We welcome applications from students with a very strong track record and a degree in Mathematics, Statistics, Engineering, Physics or related discipline. The project will involve the development of Statistical Methodology and a significant amount of Computing, so experience in scientific computation is highly desirable. The project will also involve theoretical investigations so good grasp of concepts from Analysis and Probability will be very useful.
The student will be part of the MPECDT programme, which is joint between the Universities of Reading and Imperial College London. This programme comprises an MRes in the first year followed by a PhD for three years. The student will be based primarily at Imperial College London but will also spend some time at the National Physical Laboratory (located in Teddington, South West London), as well as participating in MPECDT events at the University of Reading.
How to apply:
Applications should be lodged via the MPECDT applications procedure, indicating that the candidate wishes to be considered for the NPL joint project.

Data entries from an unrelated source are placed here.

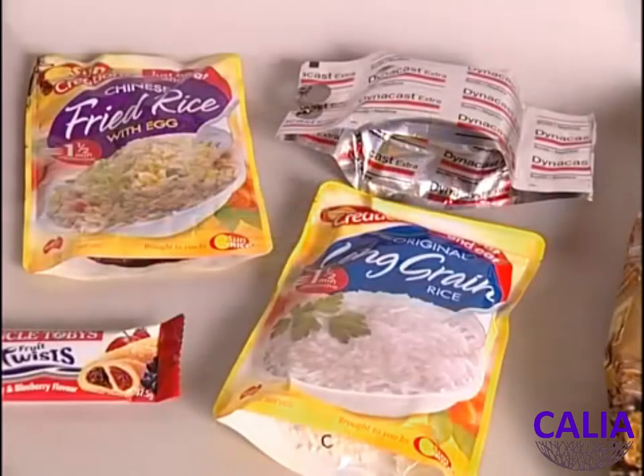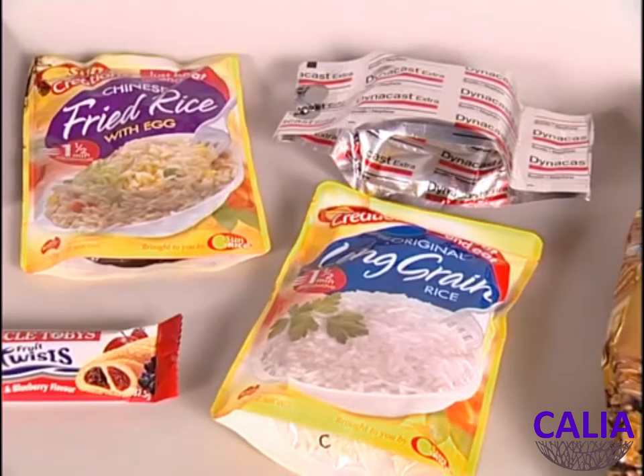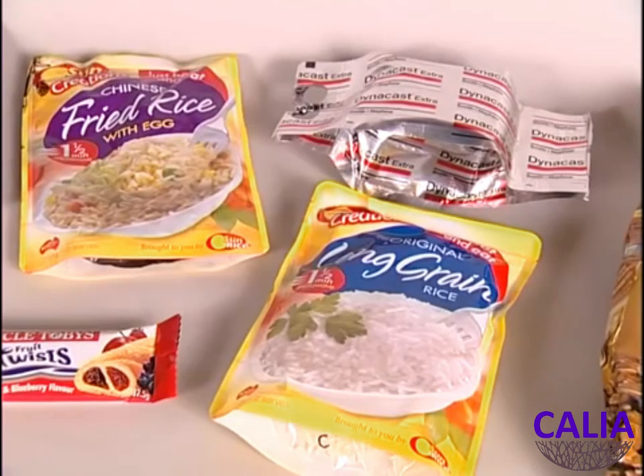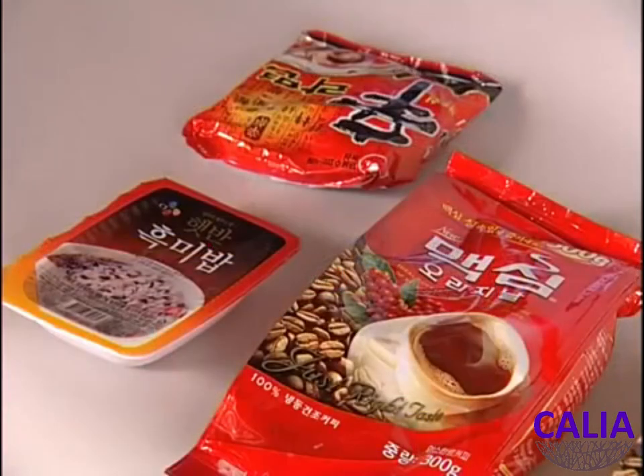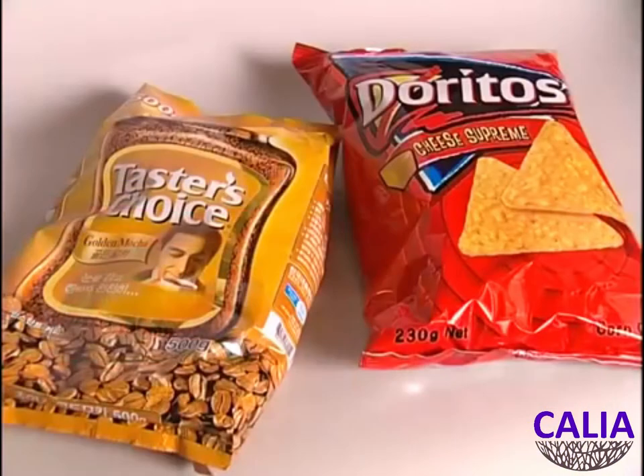Recent developments in food packaging use a modified atmosphere, or MAP, to extend the shelf life, and have heightened the need to check that the atmosphere cannot escape due to poor seals. The practice of immersing a package in water is often undesirable due to operator subjectivity, cleanliness and damage to the pack.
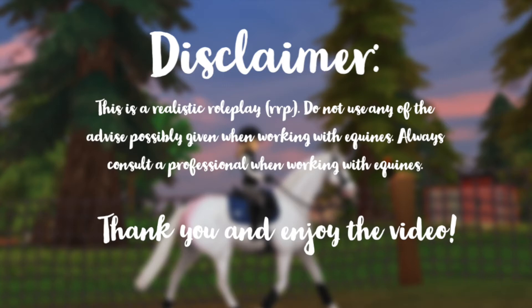Disclaimer: this is a realistic roleplay (RRP). Do not use any of the advice possibly given when working with equines. Always consult a professional when working with equines. Thank you and enjoy the video.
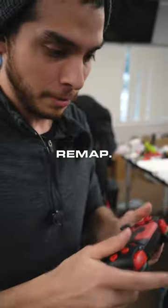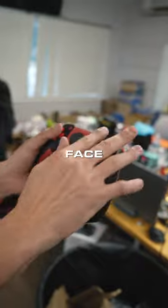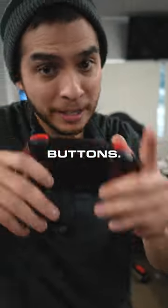Not only that, it also has remap, which means it's programmable. And you can choose any of the face buttons available to you to make it programmable in your back buttons. It's so great.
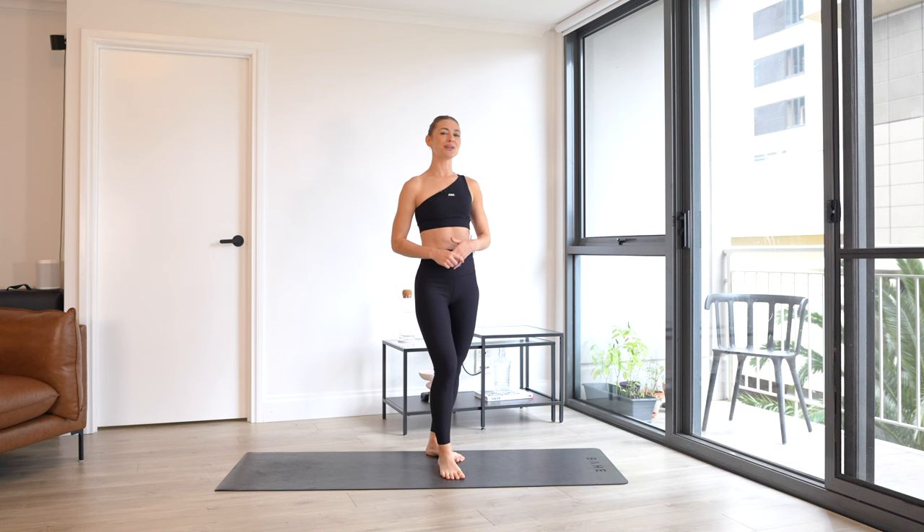Hello everyone, my name is Jacinta from Posture Tonic. Welcome to another Pilates workout with me.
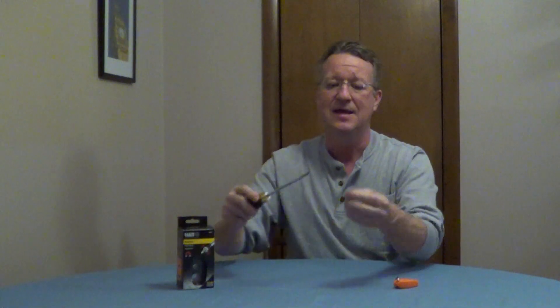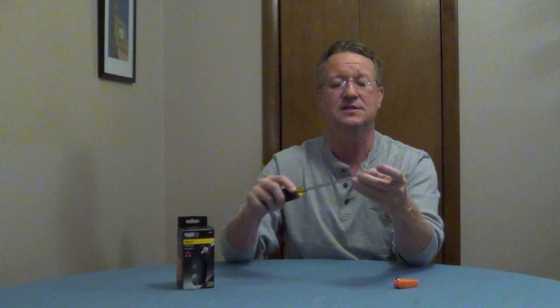To demagnetize, you're going to push it through and again pull it back very slowly. Don't twist it, and this is going to demagnetize it.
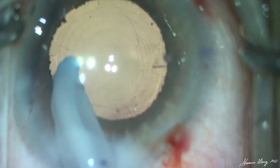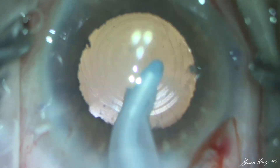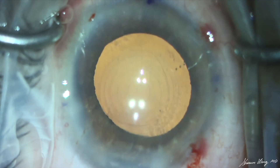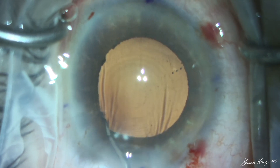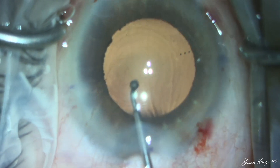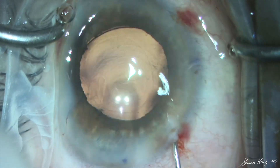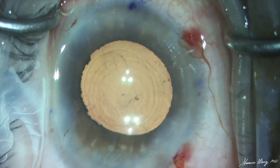Initially we try to rotate the IOL into correct alignment with the I/A tip, but then realize this technique will likely cause unwanted stress on the zonules. Ultimately we use Healon Pro viscoelastic in the anterior chamber and micro instruments instead of the I/A tip to gently rotate the PanOptix Toric into correct alignment. Once in proper alignment, instead of removing the viscoelastic with the I/A, we flush the Healon Pro from the eye with BSS through a 27-gauge cannula.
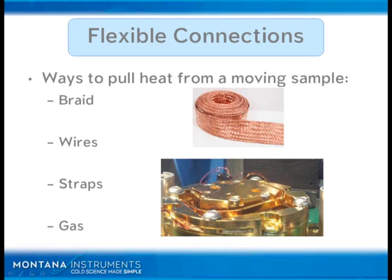It may not last the test of time — it may need to be replaced over time. So something to watch out for. Wires and straps are also good options for vibration isolation and flexible connections. Gas is also an option.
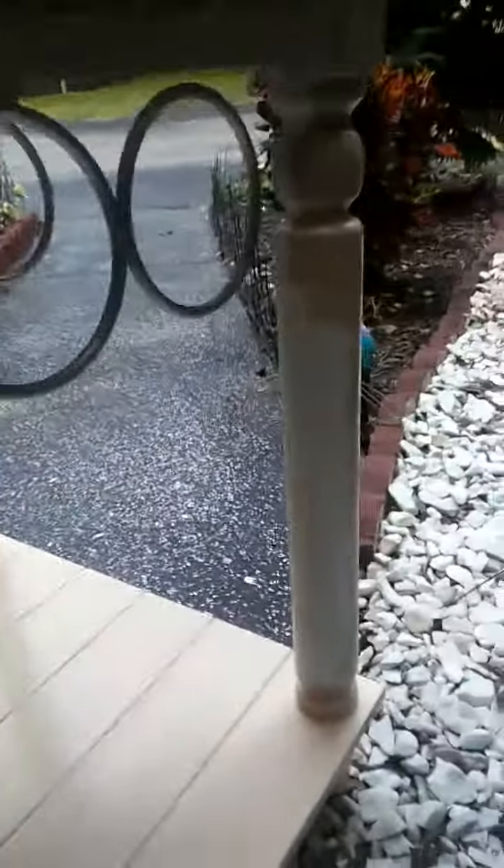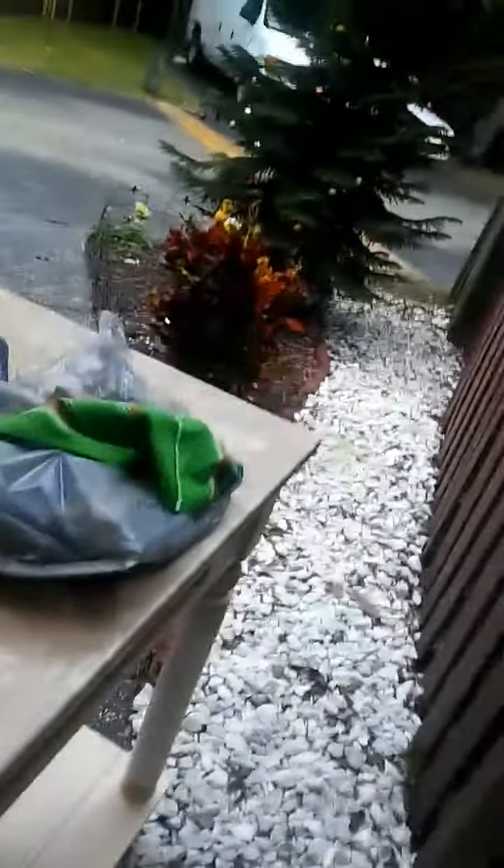Hi YouTubers, this is Ingrid with Fearfully Made. As you can see, I have a small island here and I'm changing the color from white — I'm outside, so I should have taken a picture when it was pure white — and I'm changing it into a kind of beige color. So I just wanted to show you this little DIY project. I have quite a few DIY projects I'll be doing, and from time to time I will show you guys.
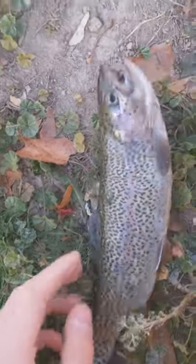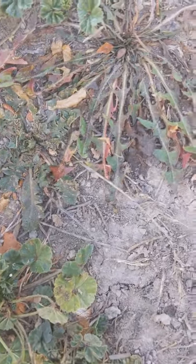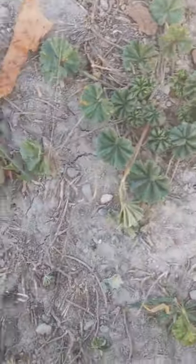Alright guys, so we caught a nice beautiful trout, but it looks like he has a second swivel on a hook inside of him. I'm just going to take out mine really quick — came right out. Now let's get the little other one out.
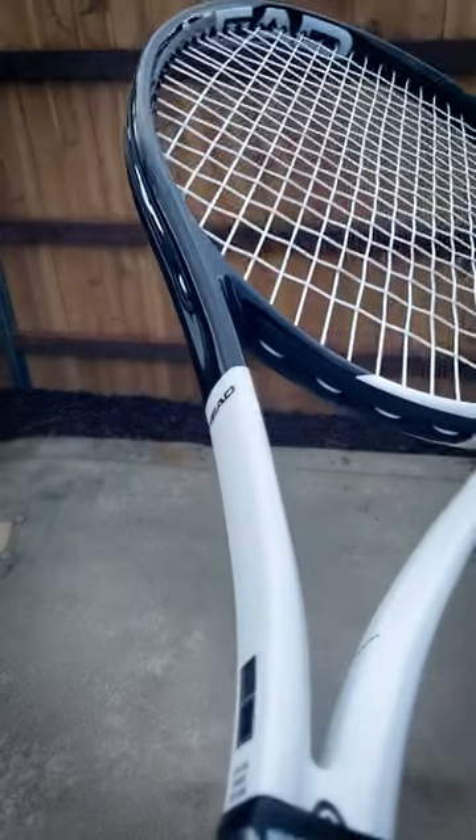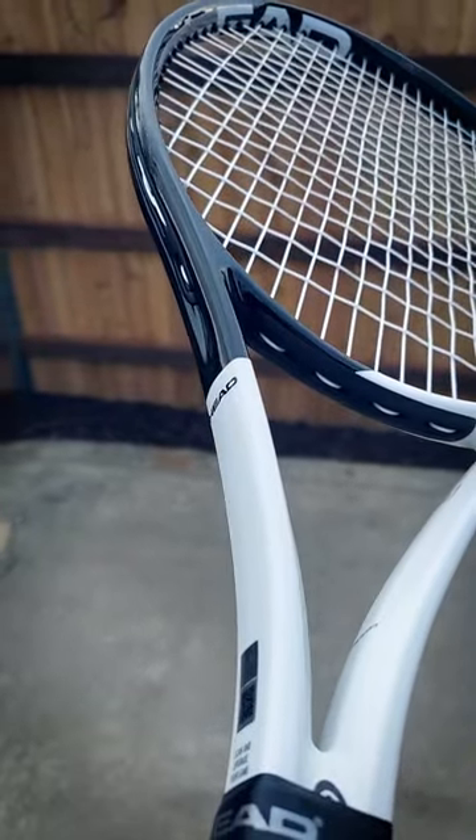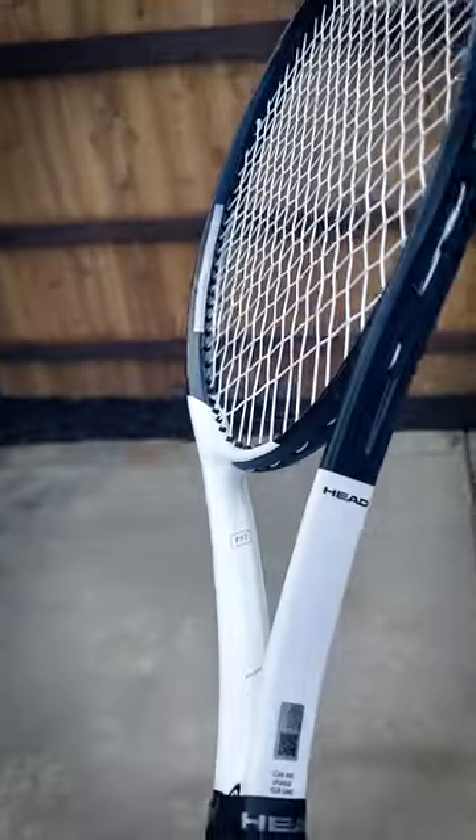I've always wondered why Pro Stock rackets are often just glossy, as opposed to matte or satin. Does anyone know why? If anyone knows why, let me know in the comments.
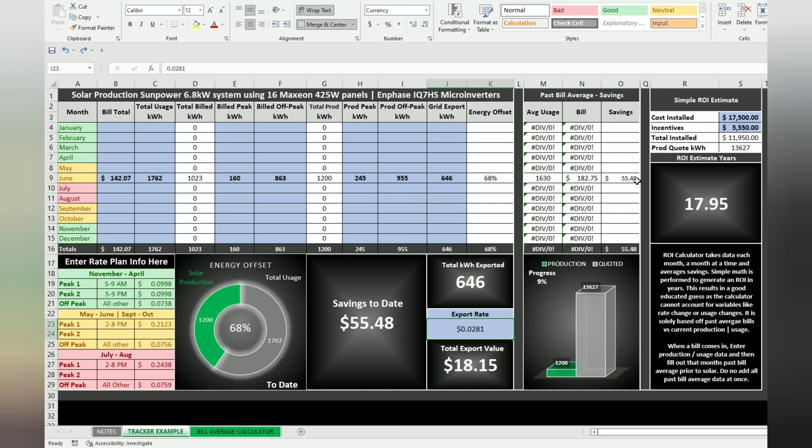This is where I was over the last couple of years — what I paid per kilowatt hour on average — and this is what I'm paying now. It calculates all that and shows me 55 and 48 cents in savings. ROI off of one month's info is not going to be super accurate. It shows a terrible number because I have a utility that's absolutely terrible when it comes to solar customers, so my rate plan completely sucks. I expect ROI to end up around 12 years or so, but time will tell as I fill this out.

The deadline for applications is 31 January 2017, and interviews will be held on 22 February.
Project Description:
Background:
Air pollution in cities is a major health problem. Regulations require that air quality is monitored and large scale sensor networks are being used to provide point measurements of pollutants. New data analytics is required to convert these point measurements to aggregate measures of air quality that enable cities to monitor air quality and assess the effectiveness of interventions.
Project:
This project will develop methodology for performing improved statistical inference on environmental modelling applications. These applications require the use of a large number of sensors that collect data frequently and are distributed over a large region in space. This motivates the use of space time varying stochastic dynamical models to model environmental quantities such as air quality, pollution level and temperature. Naturally one is interested in fitting these models to real data collected in practice. In addition, one is also interested on improving on the statistical inference using appropriate temporally-resolved observations, optimal spatial sensor placement or automatic calibration of sensor biases. From a statistical perspective, these problems can be formulated using a Bayesian framework that combine posterior inference with optimal design. Performing Bayesian inference or optimal design for these models is analytically intractable so one needs to rely on simulation-based numerical methods. We will be looking at computational methods that are principled but intensive and, given the additional challenge related to the high dimensionality of the models and data, exploit the structure of the underlying statistical model at hand to design effective algorithms that can be used in practice. This means that popular methods such as Sequential Monte Carlo (SMC) or Markov Chain Monte Carlo (MCMC) need to be carefully extended to accommodate the particular models in the application.